The 1933–34 season was the 34th season of competitive football in Belgium. The Belgium national football team qualified for the 1934 FIFA World Cup in Italy but they lost in the first round to Germany (2–5). RU Saint-Gilloise became the first club to win 10 Premier Division titles.

==Overview==
Belgium qualified for the FIFA World Cup finals for the second time by finishing in second place of European Group 7, ahead of Irish Free State on goal average.
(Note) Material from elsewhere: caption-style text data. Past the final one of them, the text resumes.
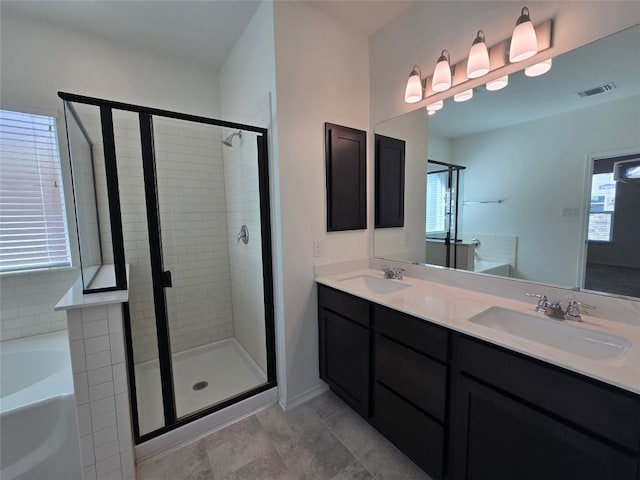 full bath with visible vents, a sink, and a shower stall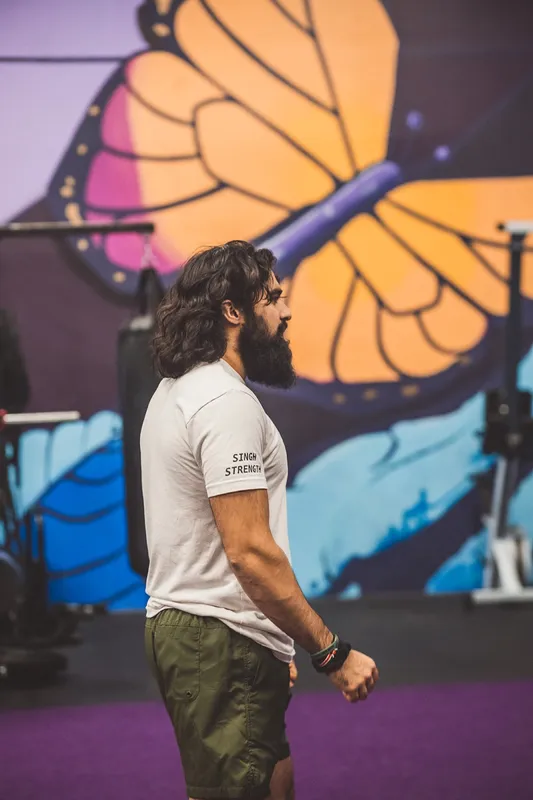 Coach Khush in a Singh Strength shirt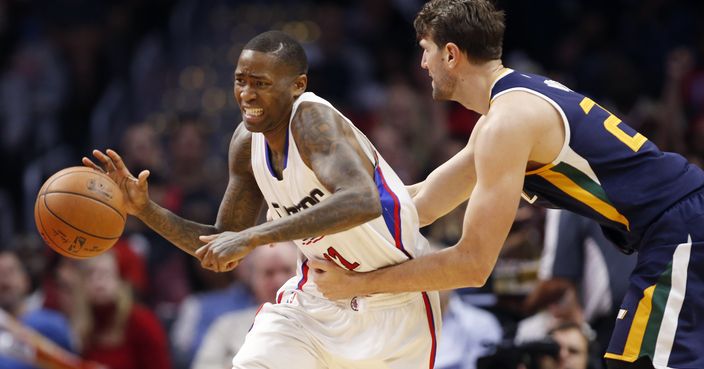 Los Angeles Clippers guard Jamal Crawford, left, is fouled by Utah Jazz center Jeff Withey, right, during the second half of an NBA basketball game, Saturday, March 25, 2017, in Los Angeles. The Clippers won 108-95. (AP Photo/Danny Moloshok)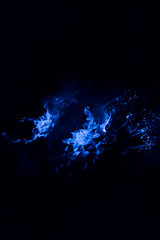 Blue flame. Burning of rice straw at night.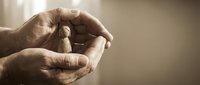 Elderly hands gently cupping and protecting small wooden figurine in warm light symbolizing care, protection, guidance and nurturing relationships.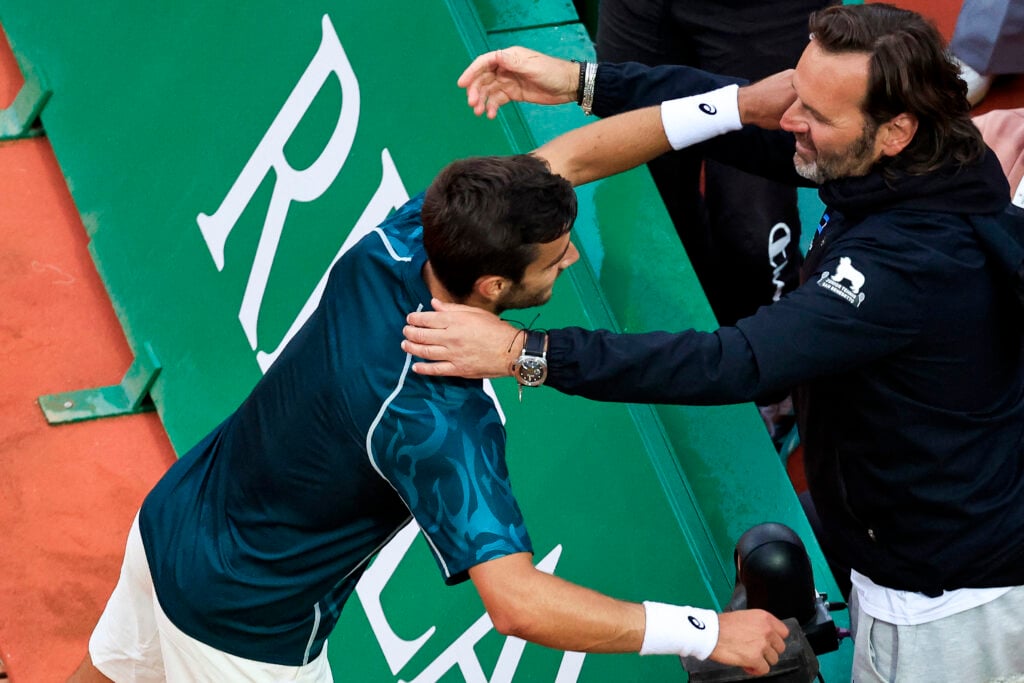 Lorenzo Musetti and Simone Tartarini share a hug at the 2025 Monte-Carlo Masters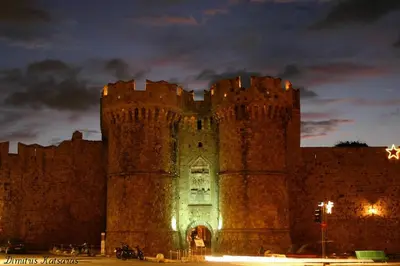 a castle at night with people standing in front of it at Emerald Dream House in Rhodes Town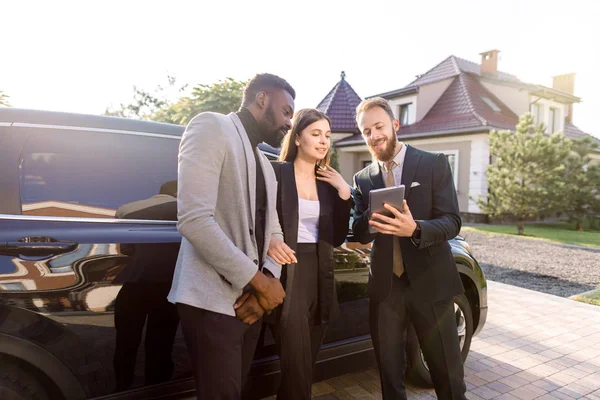 Agent d'assurance ou de vente avec contrat de remplissage de comprimés ou formulaire d'assurance près de voiture neuve noire et parler avec les clients, couple d'affaires, homme africain et femme caucasienne — Photo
Belgium then lost in the round of 16 of the World Cup finals to Germany, who would eventually finish 3rd.

At the end of the season, RRC de Bruxelles and R Tilleur FC were relegated to Division I, while White Star AC (Division I A winner) and Berchem Sport (Division I B winner) were promoted to the Premier Division.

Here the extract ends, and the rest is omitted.